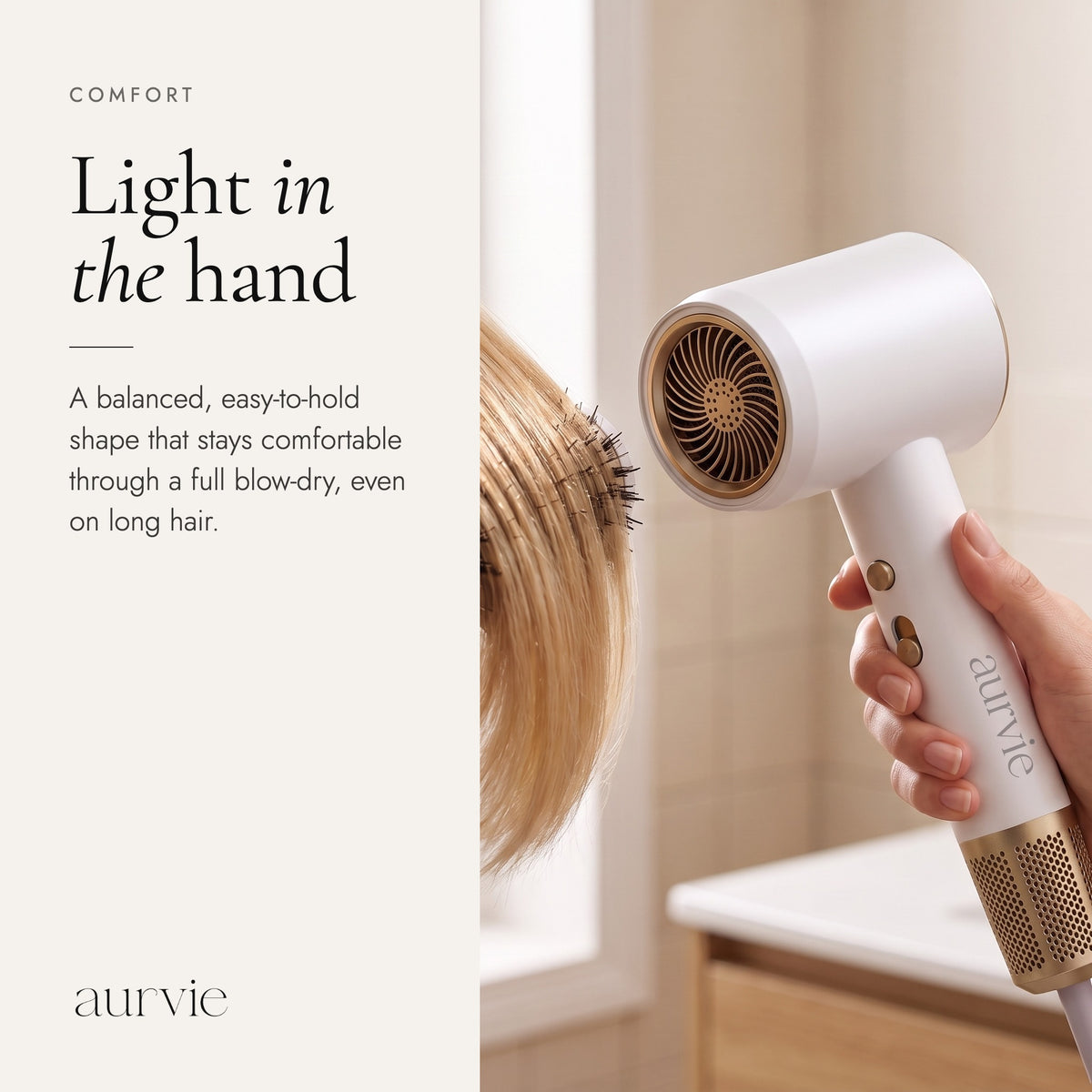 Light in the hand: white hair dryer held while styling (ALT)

--

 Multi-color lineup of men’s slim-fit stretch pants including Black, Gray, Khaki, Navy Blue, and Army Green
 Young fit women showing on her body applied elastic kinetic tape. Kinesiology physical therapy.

WORK INSTRUCTIONS
Look above for the line holding "Multi-color lineup of", then set down exactly that line and every line after it up to and including the line holding "Young fit women", with nothing else.

ANSWER AREA
 Multi-color lineup of men’s slim-fit stretch pants including Black, Gray, Khaki, Navy Blue, and Army Green
 Young fit women showing on her body applied elastic kinetic tape. Kinesiology physical therapy.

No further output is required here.